横須賀・三浦 社会
公開日:2026.03.27
横須賀市汐入町
”谷戸暮らし”体感する民泊
「不便さ価値に」6月末開業へ
横須賀市汐入町の「谷戸」と呼ばれる、豊かな緑と家々が調和する独特の傾斜地。この地に新たな息吹を吹き込もうとする試みが進んでいる。地域活性化を担う(株)やととは、築105年の古民家=下写真=を再生した体験型民泊施設「泊まれる谷戸の実験室 minoma」を6月末に開業する。3月22日にはメディア向け先行体験会を開いた。
プロジェクトを牽引するのは、藤原香奈代表、設計を担った田村聖輝(さとき)さん、「大工仕事が趣味」と話す室井達哉さんの3人。大正時代から受け継がれた梁や、当時の主が施したであろう電気配線の跡をあえて露出させ、歴史の積層をデザインへと昇華させている。

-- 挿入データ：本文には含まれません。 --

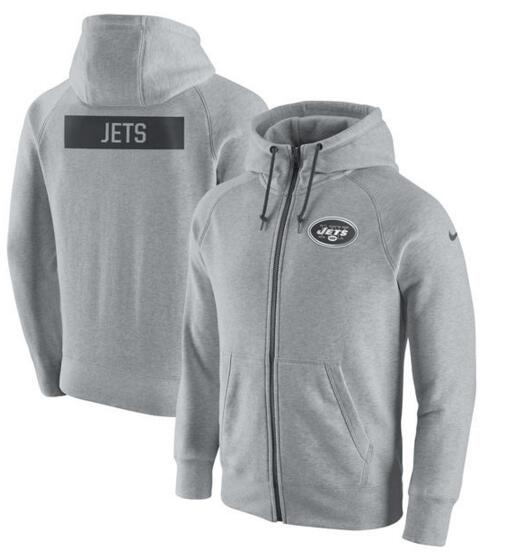 New York Jets Nike Gridiron Gray 2.0 Full Zip Hoodie Ash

「不便な場所だが、ここには圧倒的な自然と景色がある。それをむしろ価値として伝えたい」。藤原代表らの想いが結実。2025年度の横須賀市の「谷戸地域コミュニティ再生提案事業」の採択を受けた。
谷戸の植物生かす
建物は、延べ床面積70〜80平方メートルほどの2階建て洋館。元々はシェアハウスとして利用されていた。1階の「実験室」と名付けたスペースでは宿泊者が、家庭用蒸留器を使って地域で採れた夏みかんやハーブから芳香水を作る「蒸留」や近隣に自生するヨモギを用いた「草木染め」を体験できる。キッチンは染物や実験がしやすい機能的な設計となっており、谷戸の資源を日常に取り入れる知恵を学ぶ場となる。宿泊予約がない場合は、ワークショップを開くという。
2階は宿泊者専用となる約10・5帖の空間。東西南北の四方向に窓が配され、谷戸の風景を見渡すことができる。
藤原代表が運営する近隣のコミュニティ拠点「問室(といしつ)」とも密接に連携。宿泊者は滞在中に同拠点を無料で利用できる仕組みを整え、地域住民との交流を促す予定だ。「谷戸の暮らしの豊かさを再定義できれば」と藤原代表。料金は未定。今後、修繕費用などを調達するクラウドファンディングも予定している。